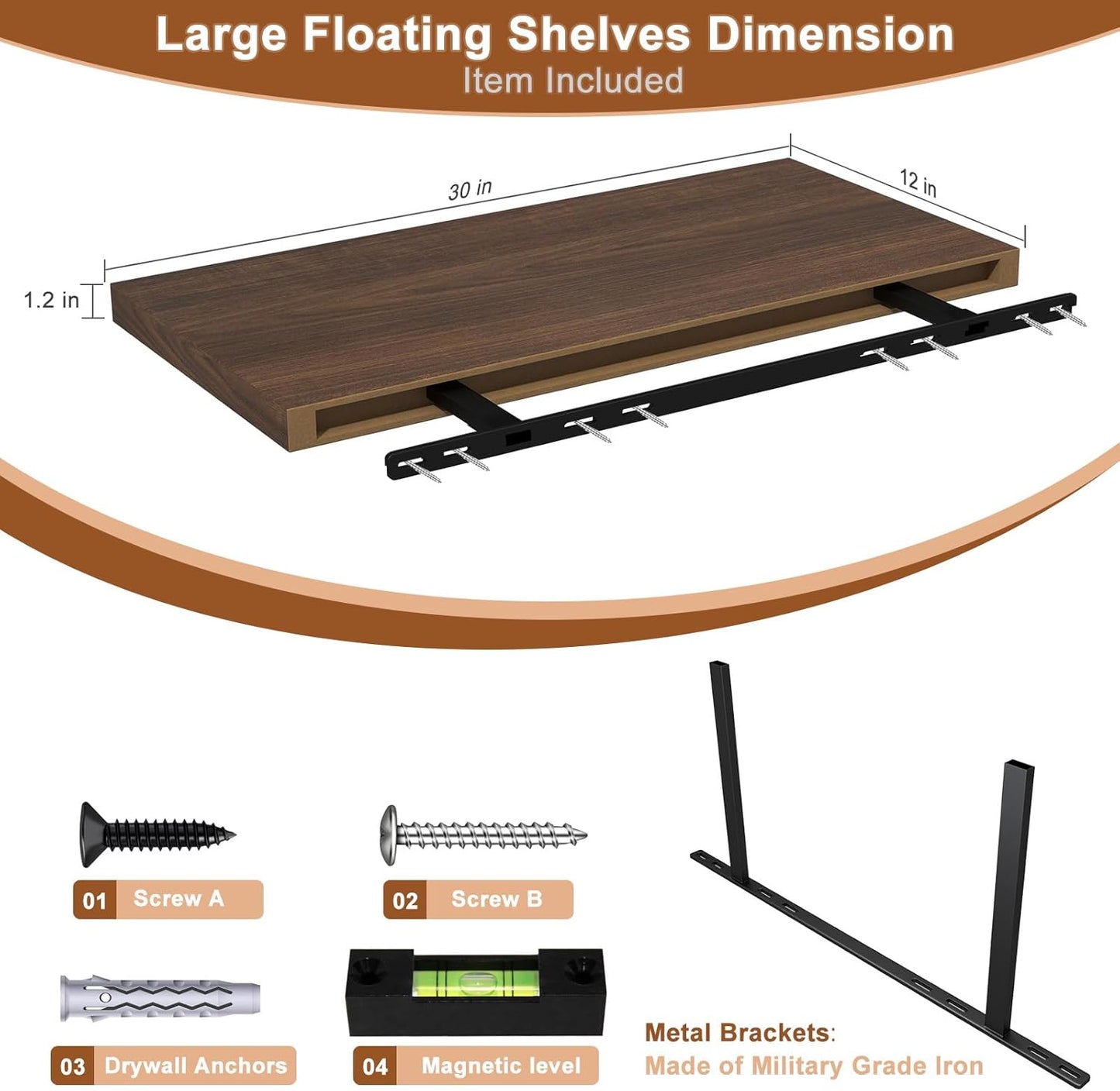 12 Inch Deep Floating Shelves for Wall 1 Pack Floating Shelves Large Storage Space Wall Mount Shelf for Living Room Kitchen Bathroom 30" W x 12" D x 1.2" H Walnut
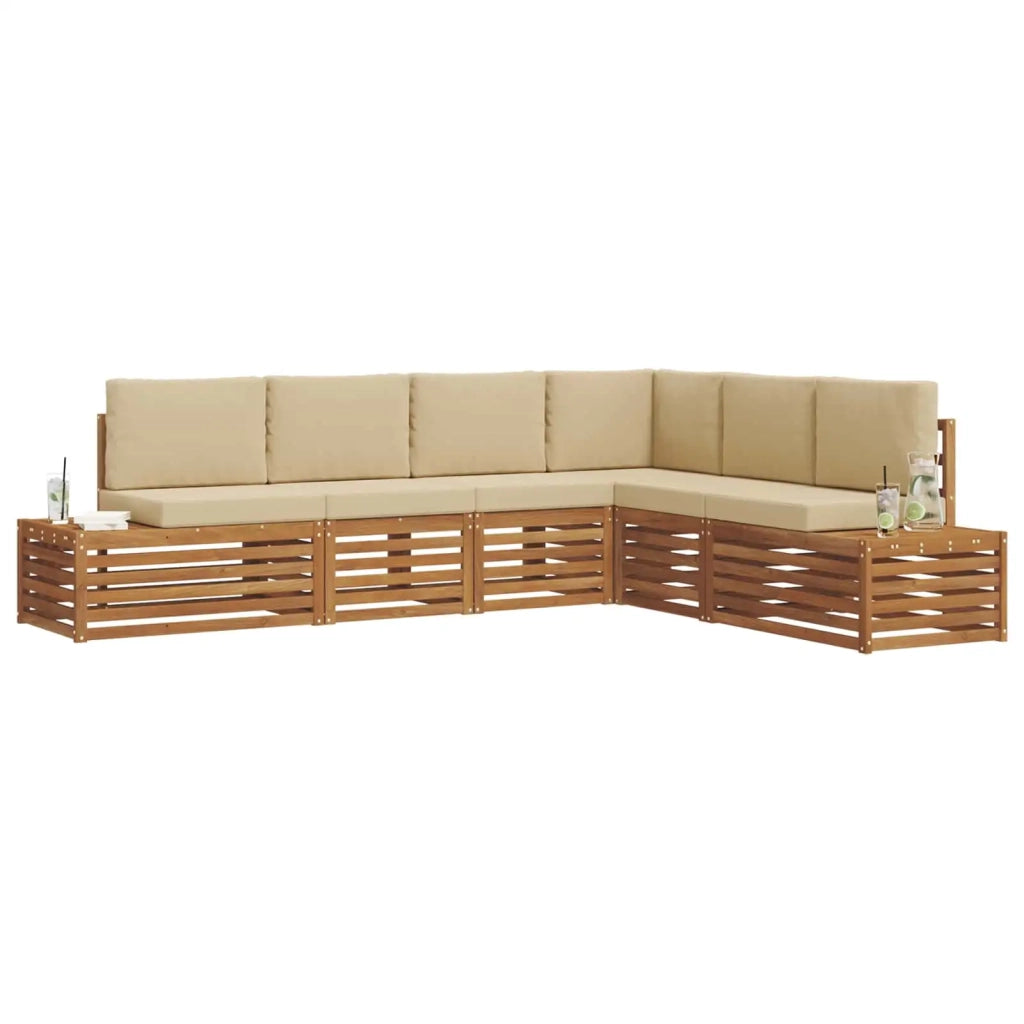 6 pz Set di divani da esterno Naturale e Beige 3375453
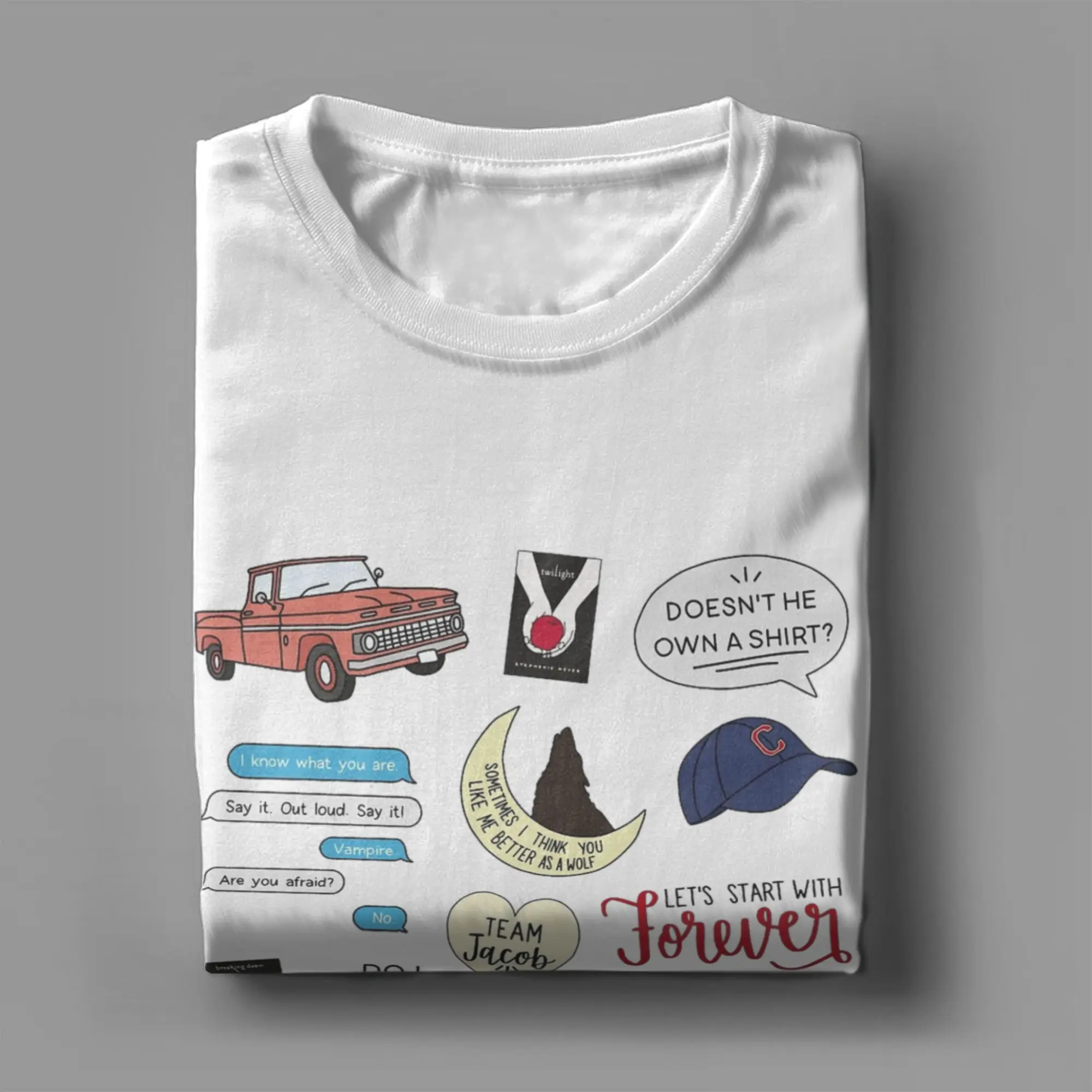 مضحك الشفق الفيلم والكتاب الفن تي شيرت الرجال س الرقبة القطن الخالص تي شيرت قصير الأكمام تيز هدية بلايز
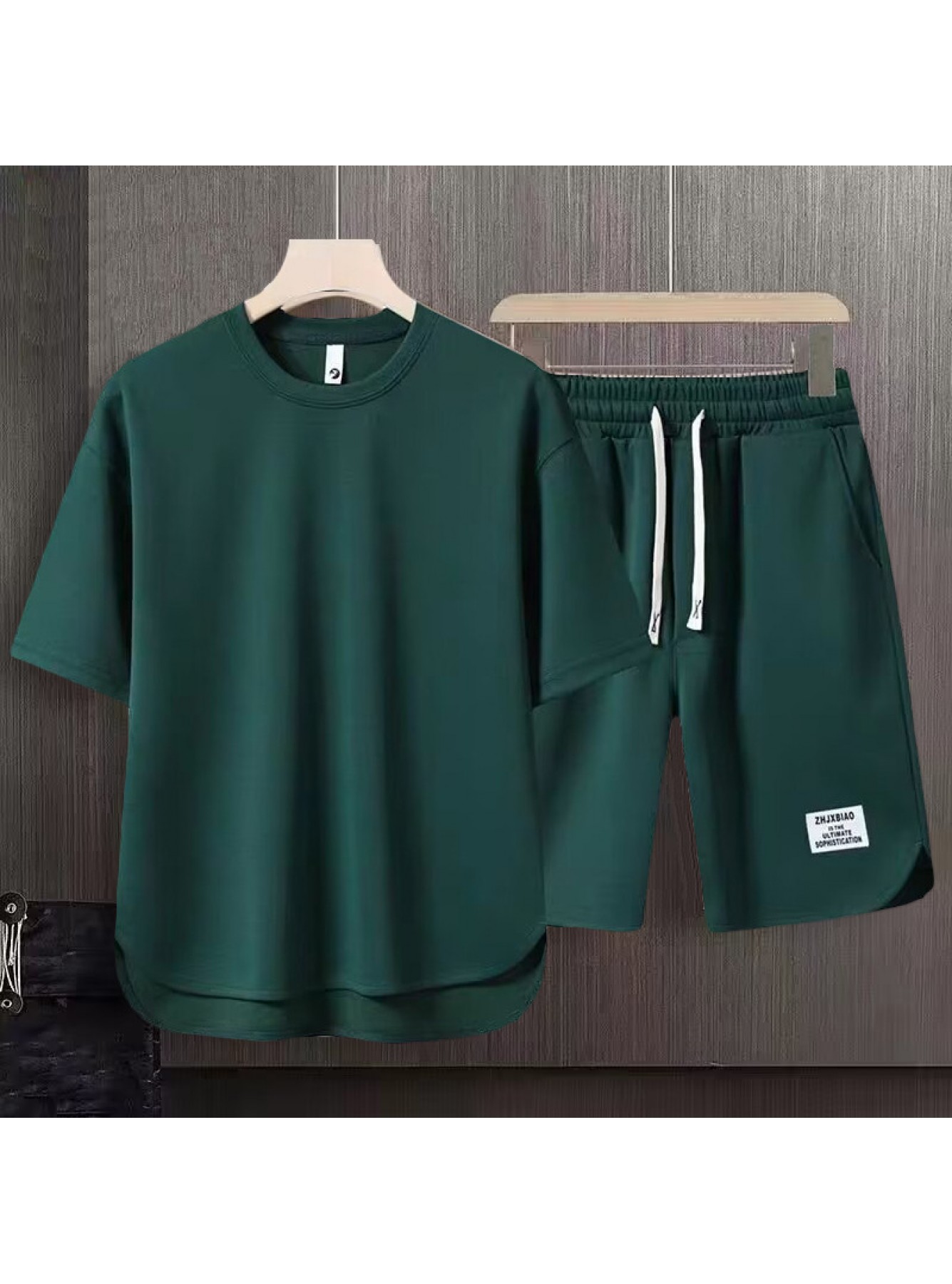 Pure Color Loose Shirt Shorts Casual Two-Piece Suit main image 1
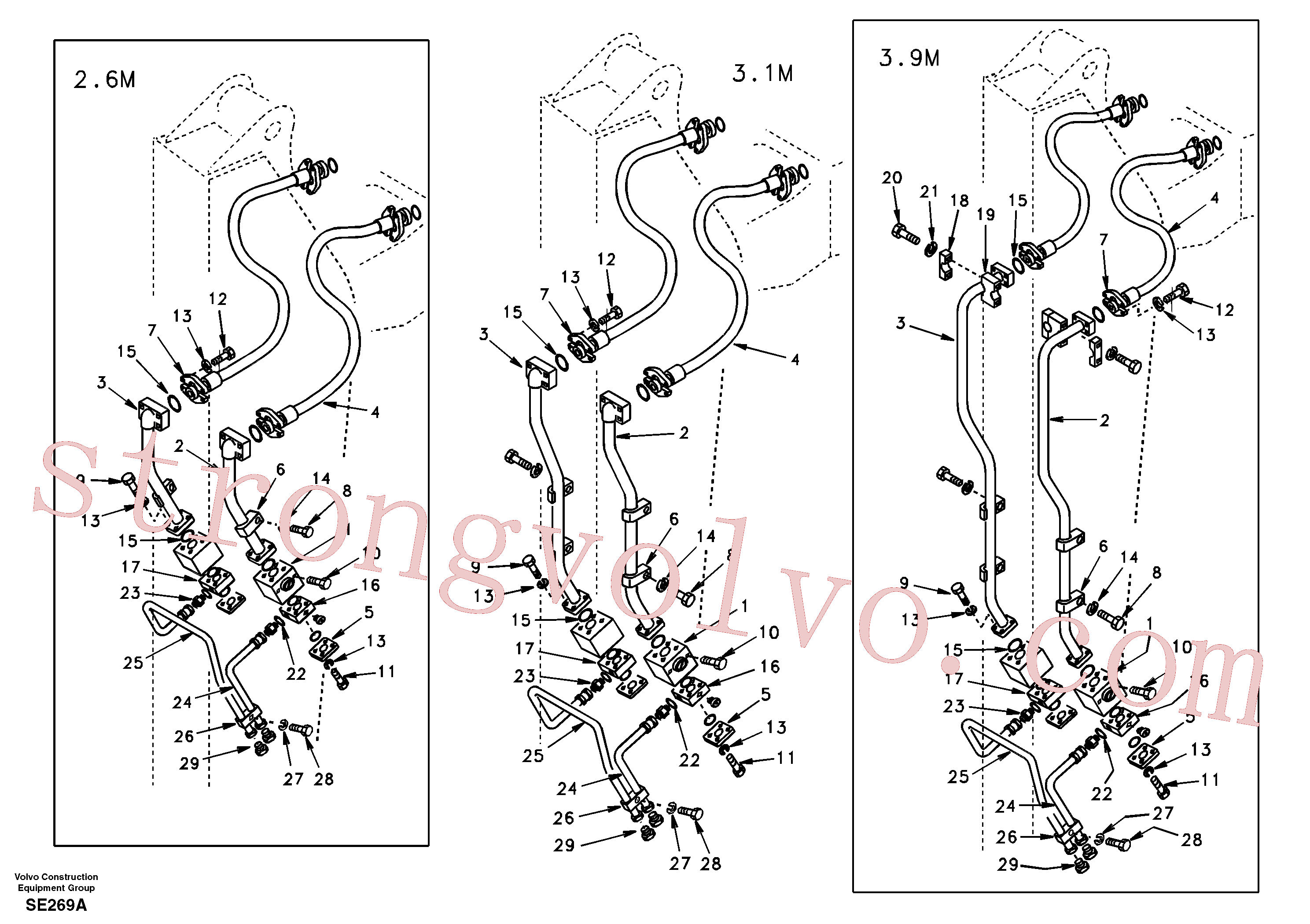 SA9459-05550 Volvo Hidráulica de serviço, martelo e cortador para braço de afundamento(SE269A Montagem)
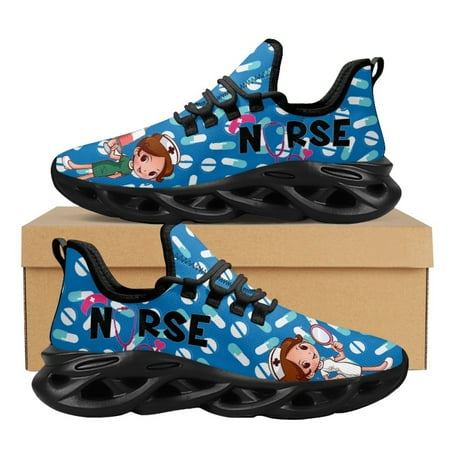 

Cute Nurse Design Sneakers Medical Footwear Breathable Mesh Casual Vulcanized Shoes Lace-Up Nursing Shoes 2024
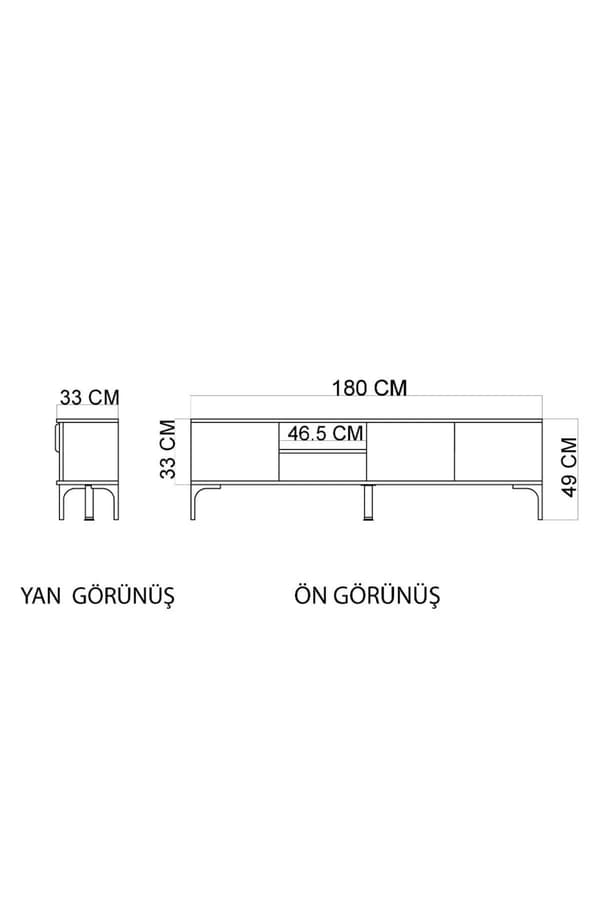 TV-stativ Tarz - Hvit, Eik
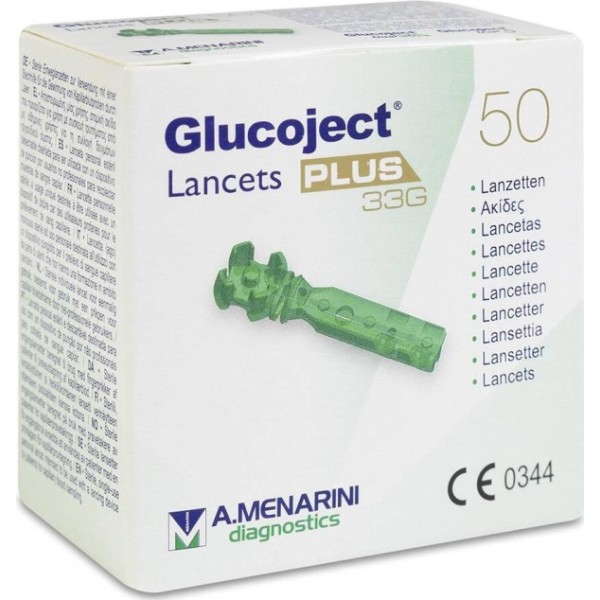 A.Menarini Glucoject Lancetas Plus, 33 Gr 50 Unidades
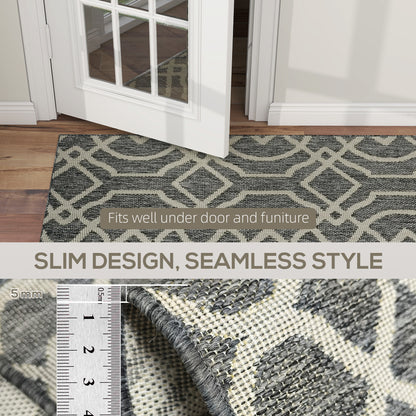 Easy-Cleaning Machine Washable Rug for Patio, Garden, Grey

▶ Assignment: An exact transcription is needed, covering the line with "TV-stativ Tarz - Hvit, Eik" and every line after it to the end of the entries, but not the pictures.

▶ Solution to this task:
 TV-stativ Tarz - Hvit, Eik
 A.Menarini Glucoject Lancetas Plus, 33 Gr 50 Unidades
 Easy-Cleaning Machine Washable Rug for Patio, Garden, Grey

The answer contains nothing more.